Although in our training program we have only shown examples of image classification, there are a large number of tasks which deep learning can help with.
The recommendation for new beginners (i.e. first-ever DL project) is to stick with classification, labelling or regression problems. For people with the previous experience, we suggest attempting a slightly more challenging project (like text classification, or 2d image segmentation). Projects which involve generation (i.e. using generative adversarial networks) are only recommended for those with some prior relevant training or experience.
- Classification/Labelling/Regression - Most basic type of task where you categorise something based on its class or value
- Segmentation - Next step up from classification, now though we want to find precisely where something is present
- Object Detection - Identifying what is present
- Generation - Getting a model to recreate something (like faces)
- Classification - Categorise text based on its class or value (like classifying the mood/sentiment behind a tweet)
- Generation - Getting a model to recreate text (there are a broad range of subcategories here)
- Playing video games - Get an agent to play a game (like OpenAI's cartpole or pong)
There are a very large number of current and passed deep learning competitions, and you don't need to compete to get the data! The most popular one is Kaggle, which has a very wide range of open-source data source. Often competitions also provide extra reference implementations of the winner's finalised code.
Disclaimer: Kaggle and other competitive projects are often shunned because of their heavy abstraction (i.e. the data has been modified to remain) and a large focus on raw performance (often accuracy of F1 scores), instead of usefulness
Just like you use Google to answer your questions, several search engines exist which can list out relevant datasets. The best example is Google's (although others like Visual Data exist).
Feel free to either base your project of one of the recommended datasets below. Otherwise, find one yourself!
Here are a few interesting ones we've found (from a variety of sources):
- Correctly/incorrectly worn masks
- Lego minifigures
- Tagged products
- Direction faces are gazing
- Labelled images of galaxies
- Cultural heritage photos
- Fish image with species labels
- Snake images with species labels
- Material images
- Book covers with genre
- Food
Before starting on any project you need to do a few things:
- Background research - has anyone explained how to go about a similar project?
- Consider the use-case - where/how could the project be useful (in theory, makes for an intriguing project)
In general, before we start on a project it is a good idea to get a rough gauge on the techniques other people have successfully used. This informs us of what we are capable off and so what we can aim to do.
The steps you require for a data science project vary a lot. That being said, it is still important to think to break any project down into several smaller (achievable) steps.
Here are a few basic ones:
- Create or join a Git repository - used to track your project's progress
- Load data - use PyTorch/PyTorch Lightning
- Get basic model working - use PyTorch/PyTorch Lightning
- Connect to Weights and Biases - gives a visual overview on how your model is doing
- Run tests/experiments - test out what techniques/models work (basic -> advanced)

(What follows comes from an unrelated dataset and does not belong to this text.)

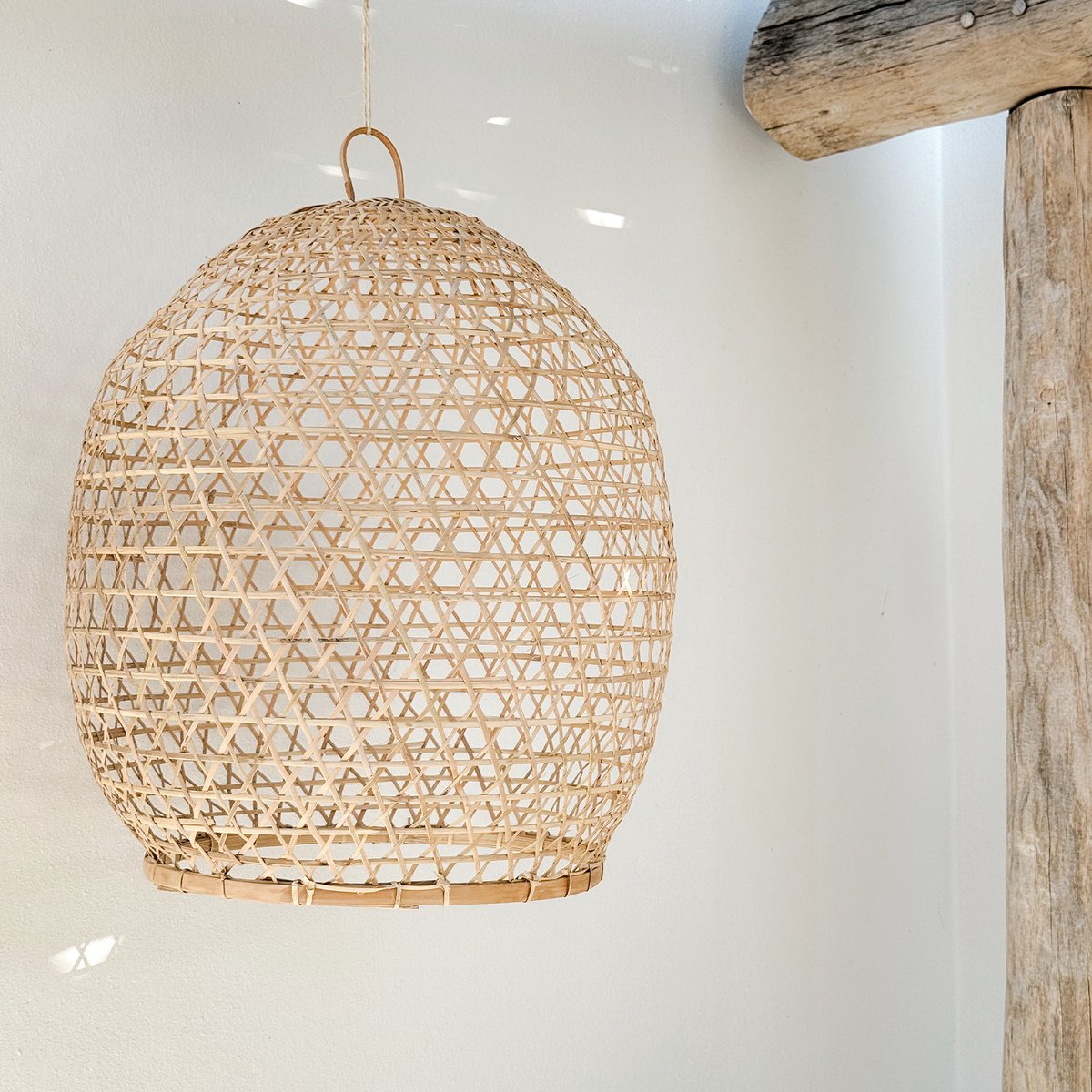 Hanenmand Ruit Bol XXL - Little Lofts - Bamboe Hanglamp - Hanemand - Lampenkap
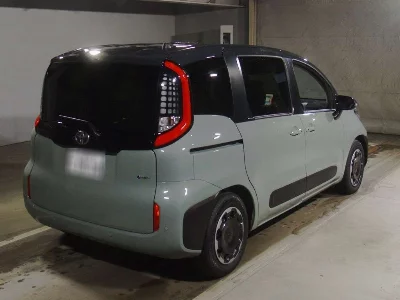 Toyota Sienta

Once we create an amazing machine learning model it is important to consider your progress and where you can use it along with the results themselves. This is perhaps the most enjoyable stage, as we've finished with the grunt work (a.k.a. research and development) and can move onto reflecting on how we've gone, what worked and what we can do going forwards. This is the perfect opportunity to let your Git repository shine, as you can create a nice introductory page for any onlookers (maybe other MDN members?) interested in what you have done. Think of it as a page describing to the past you:
- What the overarching goal was/why it is important
- The process of creating the model
- Graphs and visuals showing the results
- Description of what has been achieved
- Advice for future research/application
If you want to go even further feel free to create a website/app for it.